- Born: 30 July 1981 (age 45)
- Notable work: Jerusalem Drawn and Quartered: One Woman’s Year in the Heart of the Christian, Muslim, Armenian, and Jewish Quarters of Old Jerusalem

= Sarah Tuttle-Singer =

Israeli-American writer

Sarah Tuttle-Singer (שרה טאטל-סינגר; born 30 July 1981) is a United States-born media editor and media personality living in Israel. She blogs at The Times of Israel, Kveller, Scary Mommy, Ladies' Home Journal, and TIME.com.

Tuttle-Singer writes regarding a range of personal topics and about life in Jerusalem.

Sarah Tuttle-Singer has authored two books, Jerusalem Drawn and Quartered: One Woman’s Year in the Heart of the Christian, Muslim, Armenian, and Jewish Quarters of Old Jerusalem and Fairy Lights in God's Backyard: A Jerusalem Love Story .

==Works==

=== Published essays ===
- Essay "No More Facebook" included in: Norman-Nathan (2013). "The Good Mother Myth: Redefining Motherhood to Fit Reality"

=== Books ===

- Jerusalem Drawn and Quartered: One Woman’s Year in the Heart of the Christian, Muslim, Armenian, and Jewish Quarters of Old Jerusalem ISBN 978-1510724891
- Fairy Lights in God’s Backyard: A Jerusalem Love Story,

== Reception ==
Jerusalem, Drawn and Quartered was reviewed by Gila Wertheimer in the Jewish Book Council - who describes Sarah as a “rebellious Jewess” to whom self-expression is paramount

In the Times of Israel, critic Ellis Shuman describes Sarah Tuttle-Singer's writing as "lyrical and poetic", and her book as a "highly personal memoire" that is a "love letter to this fascinating city" .

Tablet Mag featured a review of Jerusalem, Drawn and Quartered by Amin Rosen: A Walking Tour of Secret Jerusalem.

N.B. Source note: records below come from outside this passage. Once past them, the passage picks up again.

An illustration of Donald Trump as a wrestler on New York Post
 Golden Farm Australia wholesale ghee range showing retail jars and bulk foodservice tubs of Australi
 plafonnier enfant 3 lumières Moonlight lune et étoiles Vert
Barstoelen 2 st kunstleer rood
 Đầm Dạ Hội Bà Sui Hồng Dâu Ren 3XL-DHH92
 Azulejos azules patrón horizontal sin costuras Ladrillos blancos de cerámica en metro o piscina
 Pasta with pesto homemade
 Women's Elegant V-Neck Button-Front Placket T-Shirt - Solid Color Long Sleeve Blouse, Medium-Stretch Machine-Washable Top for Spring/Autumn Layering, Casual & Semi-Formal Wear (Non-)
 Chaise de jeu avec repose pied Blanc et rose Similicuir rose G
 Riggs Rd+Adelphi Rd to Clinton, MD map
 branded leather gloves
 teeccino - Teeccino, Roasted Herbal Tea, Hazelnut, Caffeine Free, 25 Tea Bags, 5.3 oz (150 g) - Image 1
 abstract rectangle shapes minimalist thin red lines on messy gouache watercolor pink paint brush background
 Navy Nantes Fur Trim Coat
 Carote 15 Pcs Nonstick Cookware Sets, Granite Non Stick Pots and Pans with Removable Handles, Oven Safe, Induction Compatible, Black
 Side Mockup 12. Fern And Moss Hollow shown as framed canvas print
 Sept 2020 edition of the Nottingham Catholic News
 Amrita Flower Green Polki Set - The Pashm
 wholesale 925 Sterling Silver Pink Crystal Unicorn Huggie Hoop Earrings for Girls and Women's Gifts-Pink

The reviewer wrote that Tuttle-Singer, in exploring the city from the mundane to the sublime, “knows its mysteries, earthly and divine.”

Fairy Lights in God's Backyard received coverage in The Forward by Rob Eshman, who reviewed the book . Eshman described Sarah's love of Jerusalem and her ability to describe difficult events from an a-political lens, with a loving, humane touch.